= Beginning of Section =
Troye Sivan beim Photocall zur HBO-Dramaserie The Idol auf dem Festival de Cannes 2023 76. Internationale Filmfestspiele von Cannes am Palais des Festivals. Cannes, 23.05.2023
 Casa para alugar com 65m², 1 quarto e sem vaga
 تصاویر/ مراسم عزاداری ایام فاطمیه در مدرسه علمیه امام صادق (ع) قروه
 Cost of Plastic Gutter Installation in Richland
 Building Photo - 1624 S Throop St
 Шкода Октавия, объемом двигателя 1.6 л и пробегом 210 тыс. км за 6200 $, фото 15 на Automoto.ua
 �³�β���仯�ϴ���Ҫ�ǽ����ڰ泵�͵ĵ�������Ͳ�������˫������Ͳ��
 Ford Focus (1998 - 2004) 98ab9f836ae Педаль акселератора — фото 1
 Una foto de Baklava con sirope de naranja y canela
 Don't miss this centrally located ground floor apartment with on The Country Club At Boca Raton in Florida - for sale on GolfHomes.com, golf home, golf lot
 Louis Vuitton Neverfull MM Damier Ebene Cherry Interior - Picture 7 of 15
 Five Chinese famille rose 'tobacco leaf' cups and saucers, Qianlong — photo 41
= End of Section =
§ **WHAT THE EXERCISE ASKS**: Taking the material above, say how many lines have "фото" in them, and give no other output.

§ **TASK OUTPUT**: 2